Glossary term

Noncontrolling Interest

Noncontrolling interest is the portion of a consolidated subsidiary’s equity and income that belongs to owners other than the parent company.

Updated

May 24, 2026

Read time

3 min read

What Is Noncontrolling Interest?

Noncontrolling interest is the portion of a consolidated subsidiary's equity and income that belongs to owners other than the parent company. It appears when a parent controls a subsidiary but does not own 100 percent of it.

The concept is the modern accounting term for what many investors still call minority interest. Consolidated financial statements include the full subsidiary because the parent controls it, then separately identify the share of equity and earnings that belongs to outside owners.

Key Takeaways

  • Noncontrolling interest is the outside ownership claim in a consolidated subsidiary.
  • It appears when a parent controls but does not fully own a subsidiary.
  • It is generally presented within equity, separately from the parent company's equity.
  • Income statements often separate net income attributable to the parent from net income attributable to noncontrolling interests.
  • Investors need to account for it when analyzing earnings, enterprise value, and ownership economics.

How It Works

Suppose a parent company owns 80 percent of a subsidiary and controls it. The parent consolidates the subsidiary's assets, liabilities, revenue, and expenses in its financial statements. The remaining 20 percent still belongs to outside owners, so that claim must be shown separately.

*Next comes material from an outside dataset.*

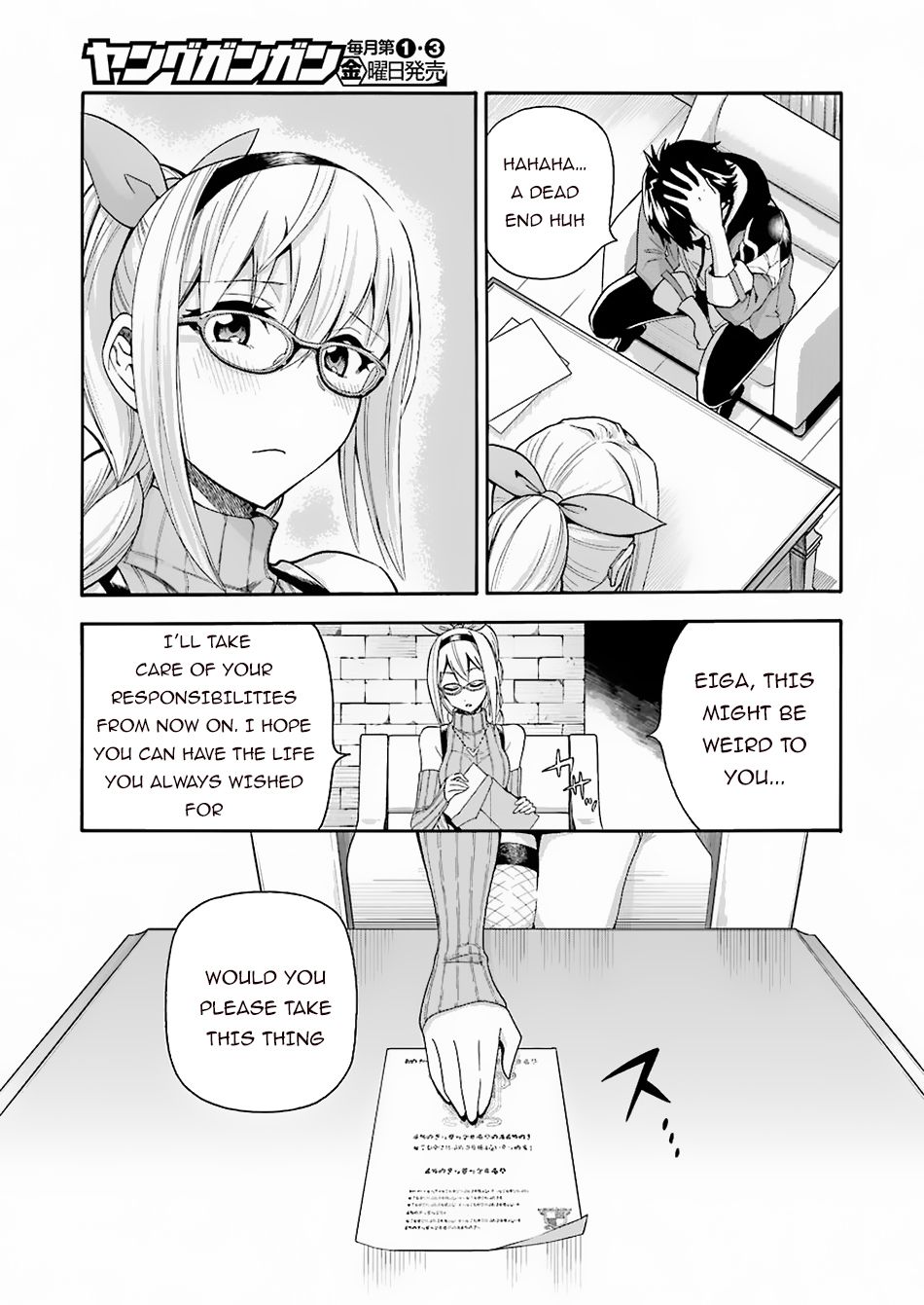 Page 38 of Chapter 1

On the balance sheet, noncontrolling interest represents the outside owners' share of the subsidiary's net assets. On the income statement, the company may show consolidated net income and then allocate part of that income to the parent and part to noncontrolling interests. The parent-shareholder figure is the one most relevant for earnings per share.

Where Investors See It

Statement

What it usually shows

Balance sheet

Noncontrolling interest within equity, separate from parent equity.

Income statement

Net income attributable to the parent and to noncontrolling interests.

Statement of equity

Changes from income, dividends, purchases, sales, or ownership shifts.

Notes

Ownership percentages, subsidiaries, and changes in control or ownership.

Valuation Context

Noncontrolling interest matters because consolidated statements can include 100 percent of a subsidiary's operating results even though the parent owns less than 100 percent of the economics. If an analyst uses consolidated EBITDA, revenue, or operating income, the valuation may need to recognize the portion owned by outside shareholders.

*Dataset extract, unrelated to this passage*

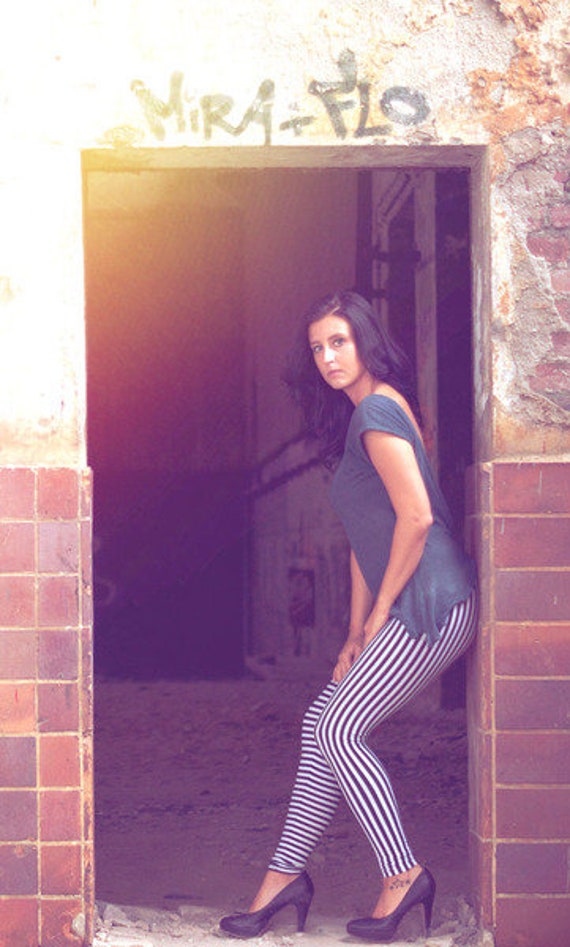 Leggings Perdita Größexl Leggings Perdita Größexl von Kleiddich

Enterprise value calculations often add noncontrolling interest to market capitalization and debt when the numerator is being compared with consolidated operating metrics. The goal is consistency: value the whole consolidated enterprise against the whole consolidated operating result, then remember that not all equity value belongs to parent shareholders.

Common Misread

Noncontrolling interest does not mean outside owners are irrelevant. A profitable subsidiary can create a material claim for those owners. It also does not mean the parent lacks control. The parent can control the subsidiary while still sharing economic ownership with others.

The label can also confuse investors when a company buys or sells a portion of a subsidiary but retains control. Those ownership changes may affect equity allocation without creating a normal gain or loss in the same way a full sale might.

Parent-Shareholder Economics

The practical challenge is that consolidated statements can look larger than the economics available to parent shareholders. Revenue, assets, and operating profit may include 100 percent of a subsidiary, while the parent owns only part of the residual claim. Investors therefore often move from consolidated net income to net income attributable to the parent before calculating per-share measures.

The same discipline applies to balance-sheet analysis. Noncontrolling interest is not debt, but it is a claim on consolidated net assets that does not belong to the parent company's common shareholders.

The Bottom Line

Noncontrolling interest shows the slice of a consolidated subsidiary that belongs to owners other than the parent. It helps investors separate control from economic ownership and avoid giving parent shareholders credit for earnings or equity that belong to someone else.